The San Jose Sharks have spent most of their existence as a franchise working the “we’re the hockey players you’d want to move next door to” angle. They’ve spent most of this season not being able to score enough goals, especially 5x5, to be considered anything other than a playoff team with a short stay.
So Doug Wilson, who was shepherding his salary cap room for a summertime run at the New York Islanders’ John Tavares, decided to throw the dice across the room by acquiring high-powered/historically-high-maintenance left wing rental Evander Kane from the flatlined Buffalo Sabres.
The cost was high by Sharks standards – a conditional first-round draft pick in 2019, a conditional fourth-rounder in 2020 and prospect/14th forward Danny O’Regan – and Kane's history both in and outside the team has made him untouchable to many teams -- but the deal addresses an immediate need in a conference where the best teams are in other division and the best team in their own division is the ultra-precocious-but-still-expansion-y Las Vegas Golden Knights.
In other words, the Sharks have decided to leave the box of their typical thinking and take a swing for the downs.

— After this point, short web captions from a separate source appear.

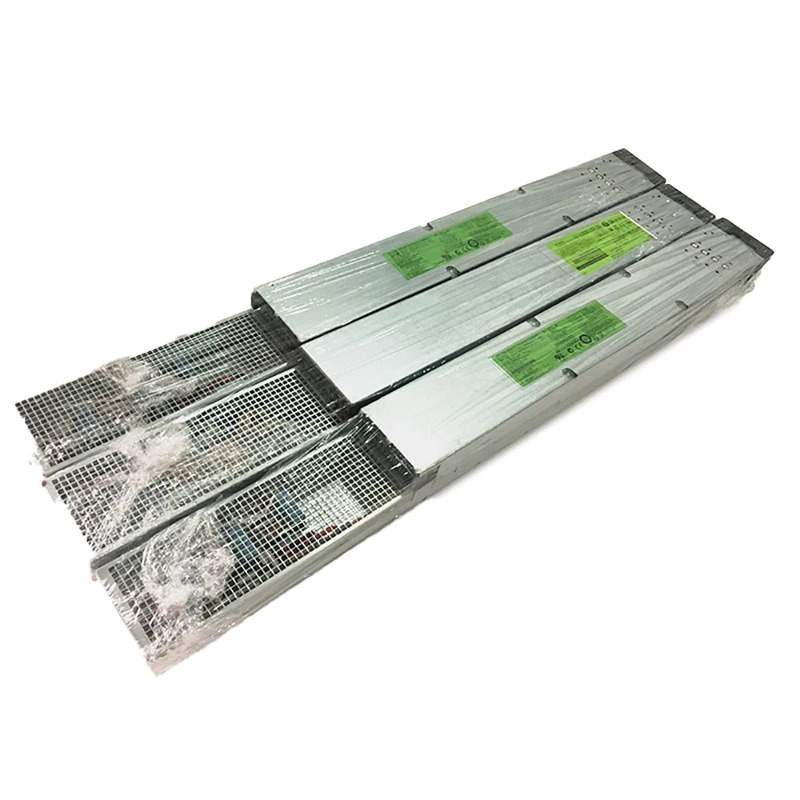 서버 전원공급장치 hp호환 C7000 2450W DPS-2450AB A HSTNS-PD16 588733-001 570493-101 570493-001
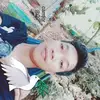Jordan Camba362 - @jordancamba362 - TikTok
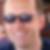 Profilbild von Jörg Straube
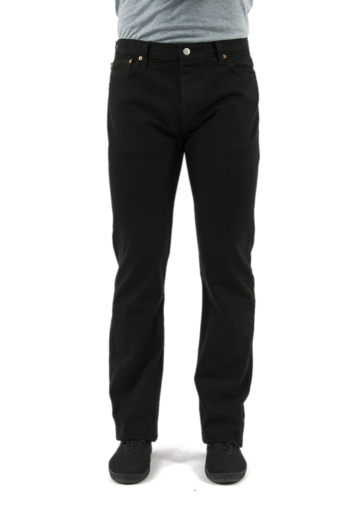 Jeans levi's® 501® 650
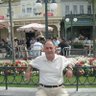 Erto profil fotoğrafı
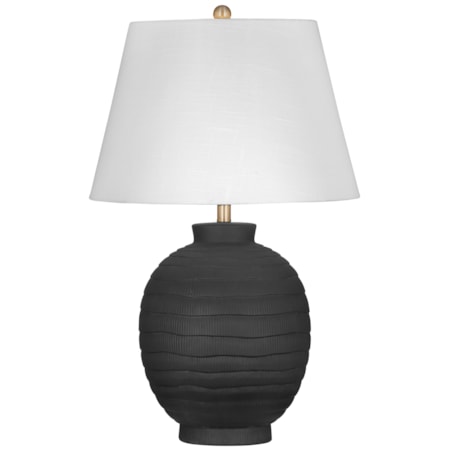 Ventraa Table Lamp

Allegedly papalytic while waiting for the return of Joe Thornton, they have gone outside their safe cocoon to make a weird end run at the Cup that has evaded them their entire existence.
Kane is a sniper and a volume goal-scorer who will have to hit the ice at a dead sprint to help San Jose, as his six-year $31.5 million contract expires this summer. Thus, there is no guarantee for either them or him when this season ends – whether it be in the worst-case scenario April 7 or in the next-best case June 15.
On the other hand, this has been a team near the bottom in scoring most of the season, with only a better-than-normal power play to save them from being fully adrift. They have not deteriorated in that statistic since Thornton’s injury but neither have they improved, so they will enter the playoffs (if they make it, that is – they are only three points clear of ninth with only 19 games to play) having to rely on a tested defense and a well-worked goalie in Martin Jones.
In short, Kane is either going to make an immediate and lasting difference or he will be a high-priced mistake by a team that sees an open window but is running out of time to get through it.